Assemblywoman Lorena Gonzalez (D-San Diego) introduced AB 202 on Thursday in “a move that will better protect cheer athletes in the state from workplace abuses and bring equity to the multi-billion dollar professional sports landscape.”
“NFL teams and their billionaire owners have used professional cheerleaders as part of the game day experience for decades,” said Gonzalez, herself a former cheerleader at Stanford University. “They have capitalized on their talents without providing even the most basic workplace protections like a minimum wage.”
“If the guy selling you the beer deserves a minimum wage, so does the woman entertaining you on the field. All work is dignified and cheerleaders deserve the respect of these basic workplace protections.”

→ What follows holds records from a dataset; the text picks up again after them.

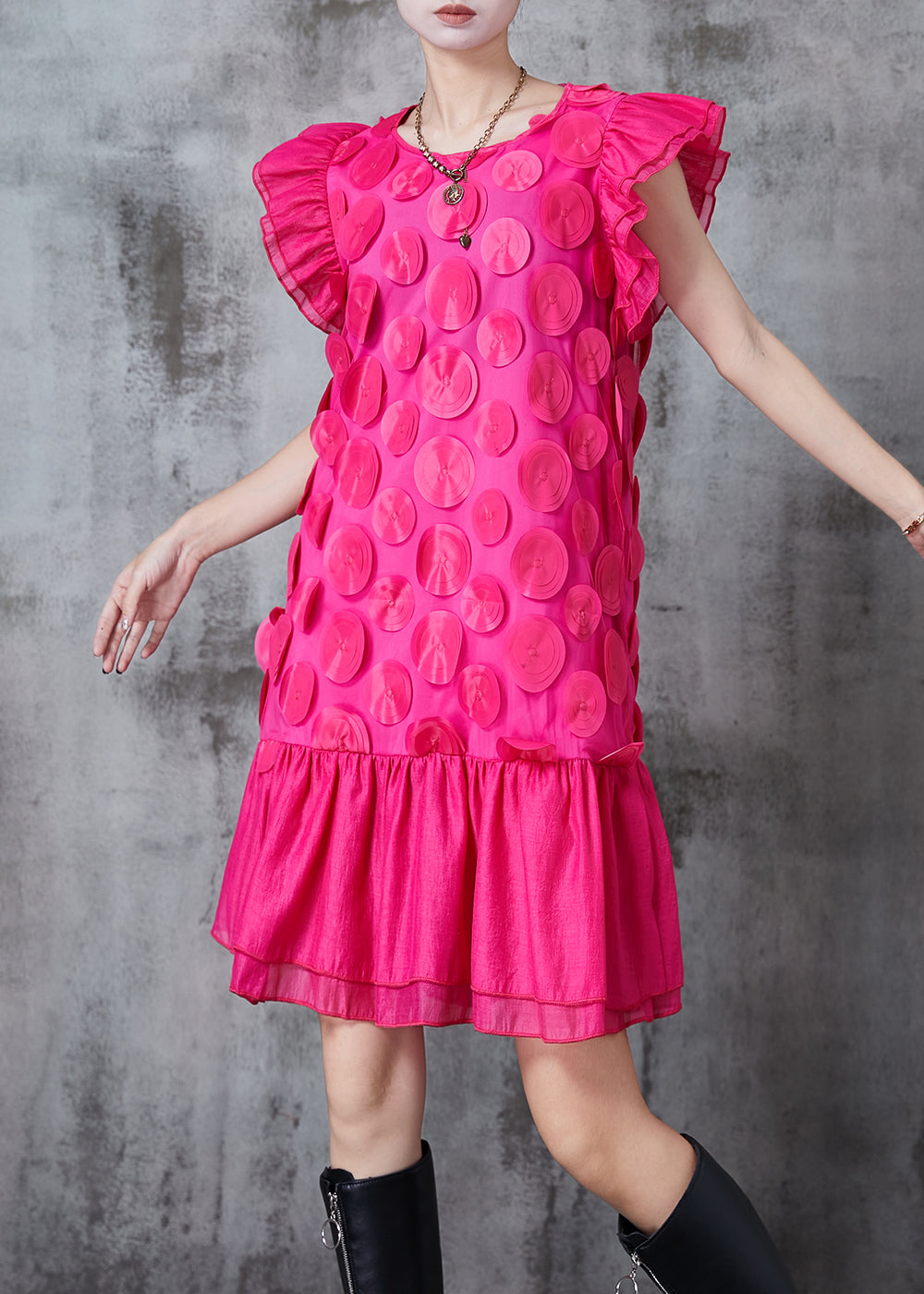 A Vintage Style Dress with Delicate Timeless Details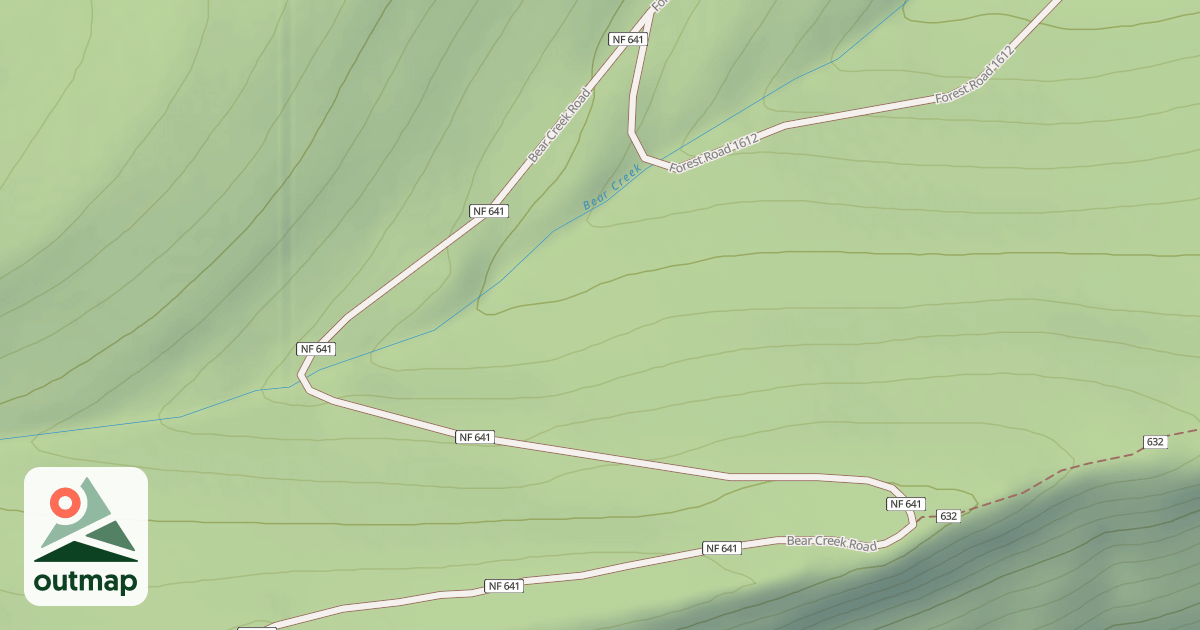 Map of 1612641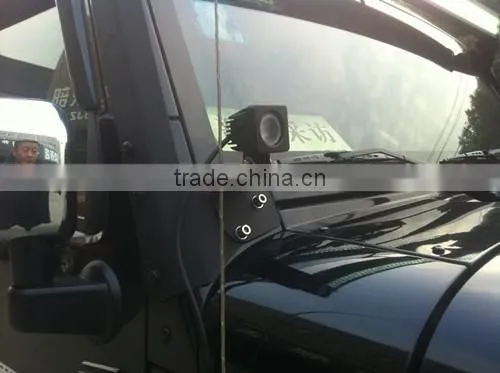Led Worklight Mounting Bracket, Led Light Bar Installation Parts, Stainless Steel Mounting Kits photo-2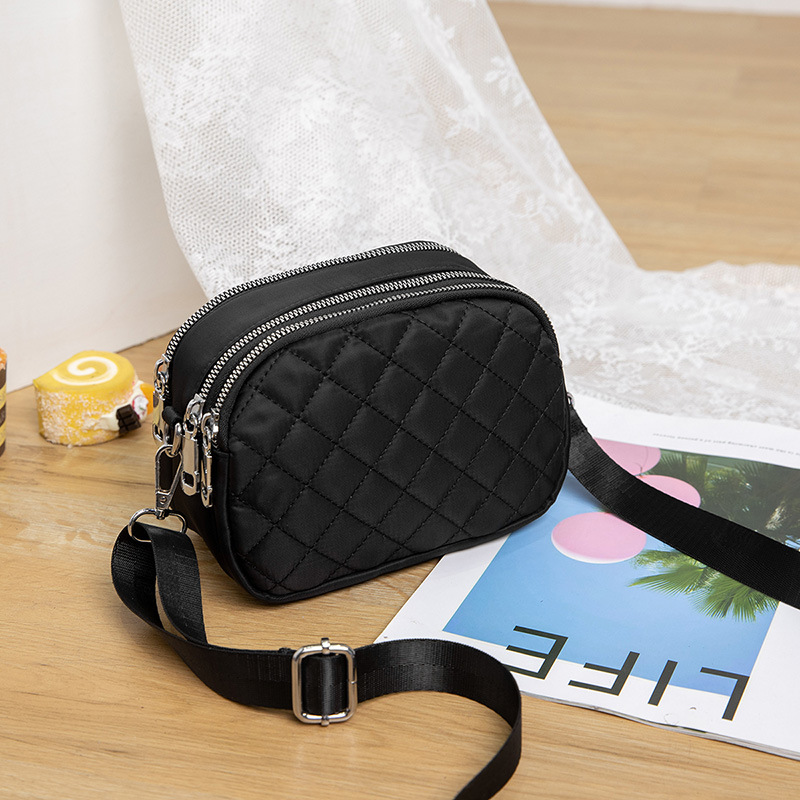 Bolso de hombro de mujer bolso de hombro de fábrica de venta directa 2025 nuevo logotipo de moda casual bolso de mujer bordado
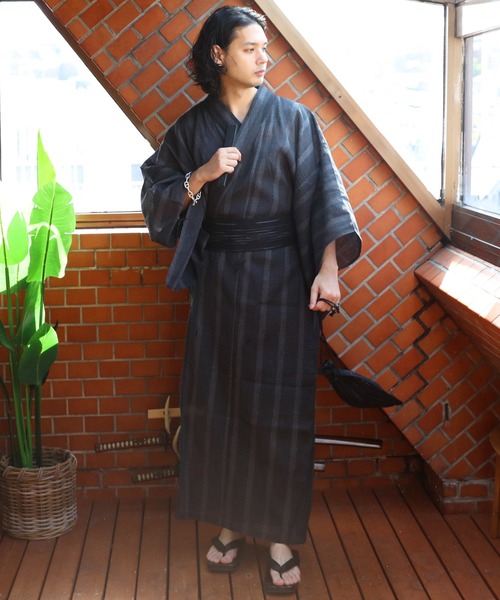 【セール】浴衣4点セット（浴衣）｜８(eight)（エイト）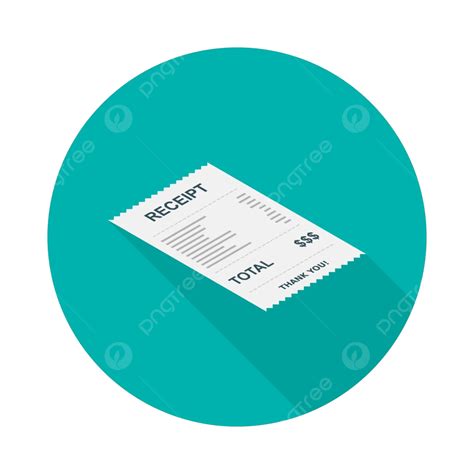 Iso View Of Receipt Paper Bill Check Invoice And Cash Receipt Vector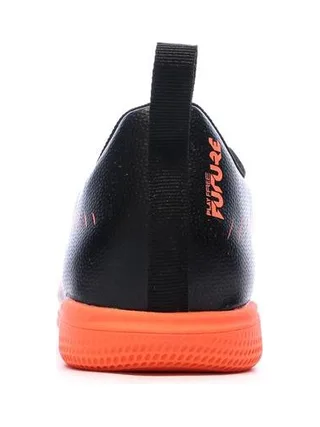 Chaussures de Foot Noir/Violet Junior Puma Future 8 Play IT Jr 3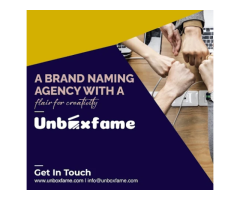 Unboxfame | Brand Naming Agency | Logo Creation | Digital Marketing 360°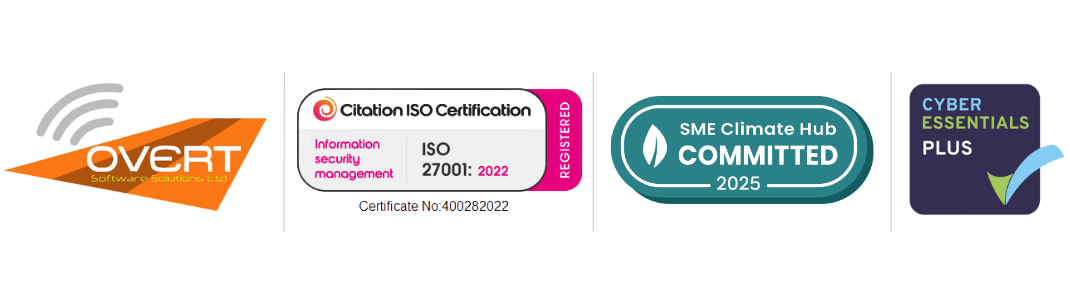 Overt | ISO27001| CYBERPLUS ESSENTIAL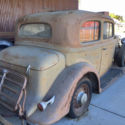 1933 Buick Model 58 Victoria - Dual Side Mounts, Ideal for Resto or Street Rod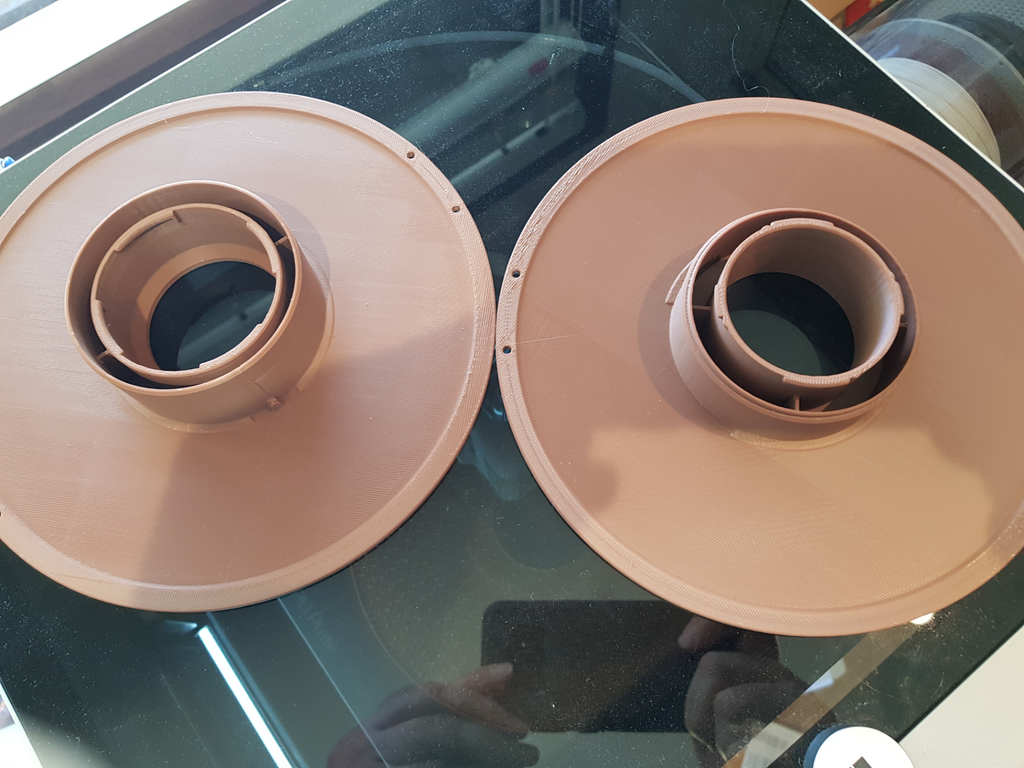 3dpo cardboard spool, 76mm core, 55mm inner width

The proposed legislation comes after Raiderette Lacy T., a cheerleader for the Oakland Raiders football team, filed a lawsuit in December alleging the organization does not pay its cheerleaders minimum wage. Lacy T. told NBC News that Raiders cheerleaders are paid $125 per game, or $1,250 for a full season. That comes out to less than $5 an hour when preparation time is factored in. Cheerleaders for the Buffalo Bills and Cincinnati Bengals football teams have filed similar lawsuits.
In September, the Raiders agreed to pay a $1.25 million settlement to 90 cheerleaders who worked for the organization between 2010 and 2013, according to the San Diego Union-Tribune. However, some cheerleaders opted out of the settlement, saying it did not do enough to address the underlying problems.
“It doesn’t include the entire NFL,” Raiderette Caitlin Y. told NBC. “It’s a league-wide issue that affects cheerleaders on all teams, not just ours. By accepting this, the NFL gets off the hook.”
Gonzalez’s bill would ensure cheerleaders receive minimum wage and compensation for expenses incurred during the course of performing their jobs. California’s minimum wage is $9 per hour.
Gonzalez told the Union-Tribune she had not yet spoken to the NFL teams about her bill.
In November, a cheerleader for the Baltimore Ravens was carted off the field after suffering neck, back, and head injuries while performing a routine.